Norman Biggs says on page 89 of his Discrete Mathematics textbook that
Discrete Mathematics is the branch of Mathematics in which we deal with questions involving finite or countably infinite sets.
Wikipedia’s article on discrete mathematics has the following subsections under the section “Topics in discrete mathematics”
This is already a very broad set of topics, which cannot be reduced to combinatorics.
Re #2: Biggs’s textbook is a textbook in combinatorics, as is clear from its table of contents.
And Wikipedia further confirms this:
In university curricula, “Discrete Mathematics” appeared in the 1980s, initially as a computer science support course; its contents were somewhat haphazard at the time.
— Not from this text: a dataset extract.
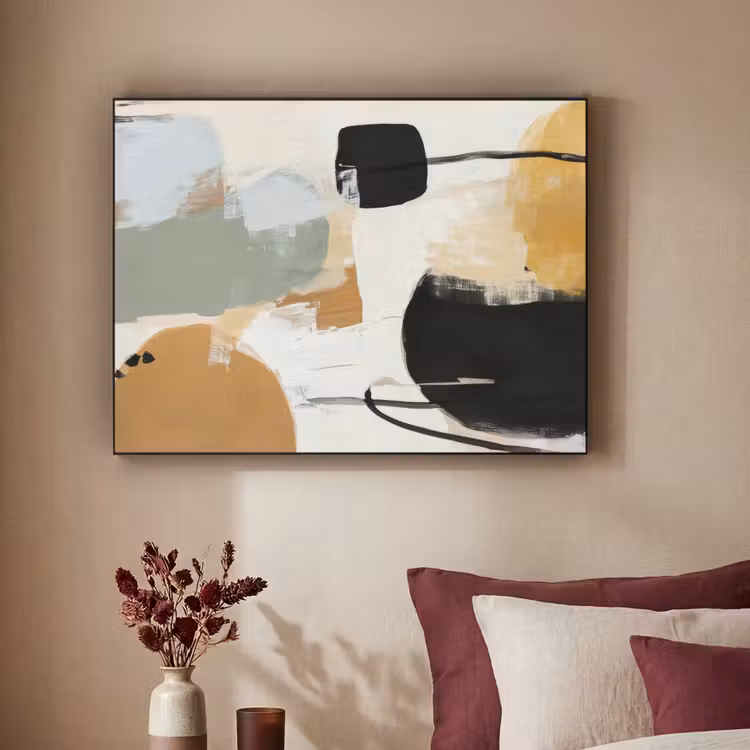 Paint - Abstract - Kleuren Textielframe zwart klein -sfeer1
The curriculum has thereafter developed in conjunction with efforts by ACM and MAA into a course that is basically intended to develop mathematical maturity in first-year students; therefore, it is nowadays a prerequisite for mathematics majors in some universities as well.[7][8] Some high-school-level discrete mathematics textbooks have appeared as well.[9] At this level, discrete mathematics is sometimes seen as a preparatory course, not unlike precalculus in this respect.[10]
Chicago’s description is quite similar.
Wikipedia’s list of supposed topics in discrete mathematics is not particularly competent. For example, here is what they write about topology:
Topology (i.e. combinatorial topology, topological graph theory, topological combinatorics, computational topology, discrete topological space, finite topological space)
Combinatorial topology is a rather obsolete name for algebraic topology, and I have yet to see a topologist who refers or thinks about his field as “discrete mathematics”.
I am pretty sure the situation is the same for logicians, set theorists, number theorists, probability theorists, etc.
As far as I can see, “discrete mathematics” is nothing more than a term for a undergraduate course and associated textbooks, comprising primarily combinatorics and similar elementary topics. The article has to reflect this.
There is zero evidence for the wild claims that it somehow includes topology, number theory, set theory, probability theory, given a complete absence of acknowledgment of this “fact” by the respective experts in these fields.
Perhaps an even better evidence is the journal Discrete Mathematics. MathSciNet makes it clear (by its classification codes) that almost all articles are in combinatorics: of the 15368 articles that it published, 11854 (77%) are explicitly classified as combinatorics, and the remainder is classified to closely related fields: coding theory, convex geometry, posets, etc.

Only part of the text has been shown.